I have a process that generates values and that I observe. When the process terminates, I want to compute the median of those values.
If I had to compute the mean, I could just store the sum and the number of generated values and thus have O(1) memory requirement. How about the median? Is there a way to save on the obvious O(n) coming from storing all the values?
Edit: Interested in 2 cases: 1) the stream length is known, 2) it's not.
You are going to need to store at least ceil(n/2) points, because any one of the first n/2 points could be the median. It is probably simplest to just store the points and find the median. If saving ceil(n/2) points is of value, then read in the first n/2 points into a sorted list (a binary tree is probably best), then as new points are added throw out the low or high points and keep track of the number of points on either end thrown out.
Edit:
If the stream length is unknown, then obviously, as Stephen observed in the comments, then we have no choice but to remember everything. If duplicate items are likely, we could possibly save a bit of memory using Dolphins idea of storing values and counts.
You can
k distinct values means storing O(k) memory)O(n).
If you have discrete values and lots of repetition you could store the values and counts, which would save a bit of space.
Possibly at stages through the computation you could discard the top 'n' and bottom 'n' values, as long as you are sure that the median is not in that top or bottom range.

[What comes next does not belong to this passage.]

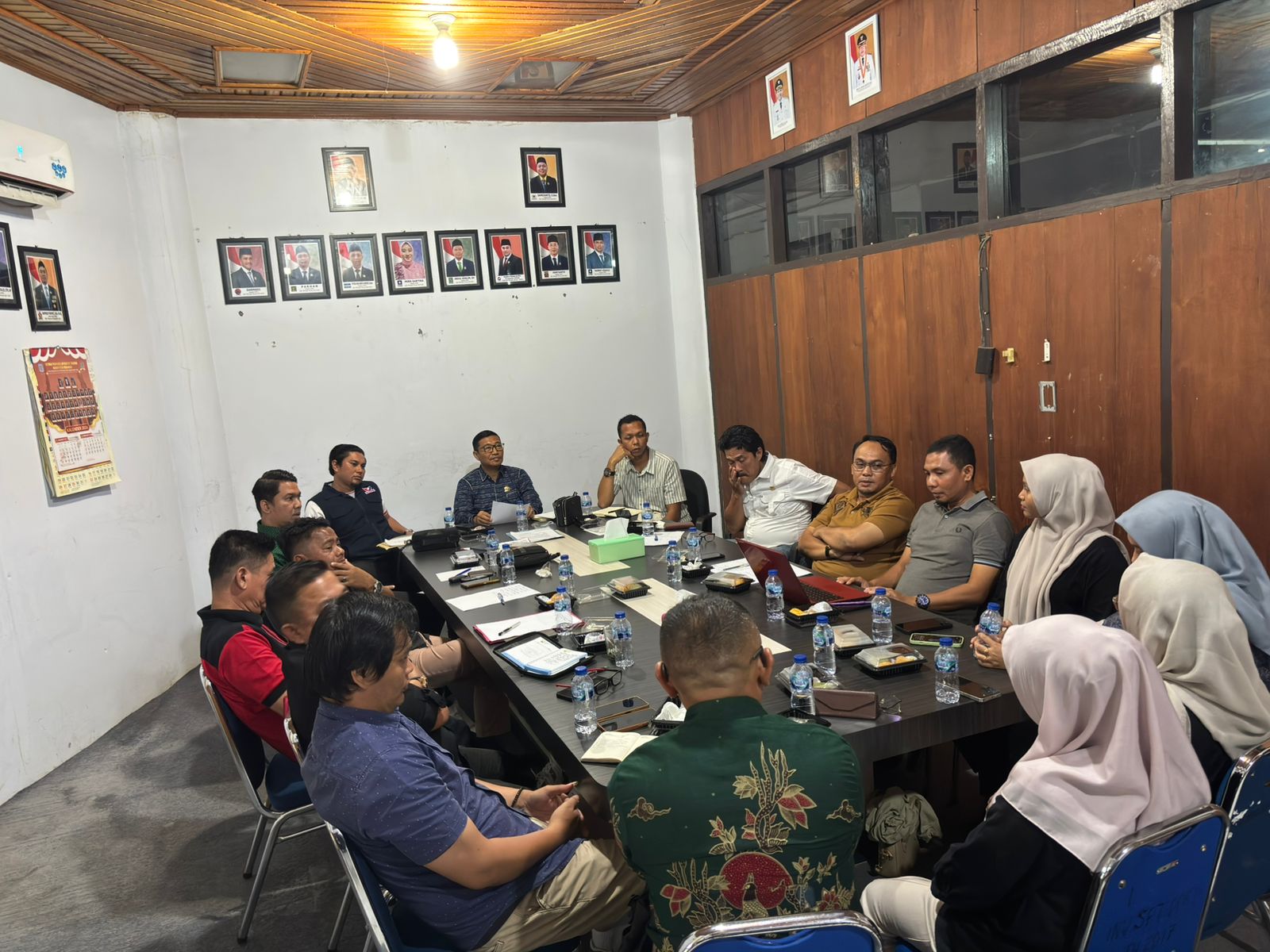 Dalam hearing tersebut, Komisi II DPRD Merangin juga memanggil para agen penyalur gas LPG subsidi. Sedikitnya lima agen hadir untuk dimintai keterangan terkait distribusi gas bersubsidi ke pangkalan. Senin (9/2/2026)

e.g. Let's say you are expecting 100,000 values. Every time your stored number gets to (say) 12,000 you could discard the highest 1000 and lowest 1000, dropping storage back to 10,000.
If the distribution of values is fairly consistent, this would work well. However if there is a possibility that you will receive a large number of very high or very low values near the end, that might distort your computation. Basically if you discard a "high" value that is less than the (eventual) median or a "low" value that is equal or greater than the (eventual) median then your calculation is off.
Update
Bit of an example
Let's say that the data set is the numbers 1,2,3,4,5,6,7,8,9.
By inspection the median is 5.
Let's say that the first 5 numbers you get are 1,3,5,7,9.
To save space we discard the highest and lowest, leaving 3,5,7
Now get two more, 2,6 so our storage is 2,3,5,6,7
Discard the highest and lowest, leaving 3,5,6
Get the last two 4,8 and we have 3,4,5,6,8
Median is still 5 and the world is a good place.
However, lets say that the first five numbers we get are 1,2,3,4,5
Discard top and bottom leaving 2,3,4
Get two more 6,7 and we have 2,3,4,6,7
Discard top and bottom leaving 3,4,6
Get last two 8,9 and we have 3,4,6,8,9
With a median of 6 which is incorrect.
If our numbers are well distributed, we can keep trimming the extremities. If they might be bunched in lots of large or lots of small numbers, then discarding is risky.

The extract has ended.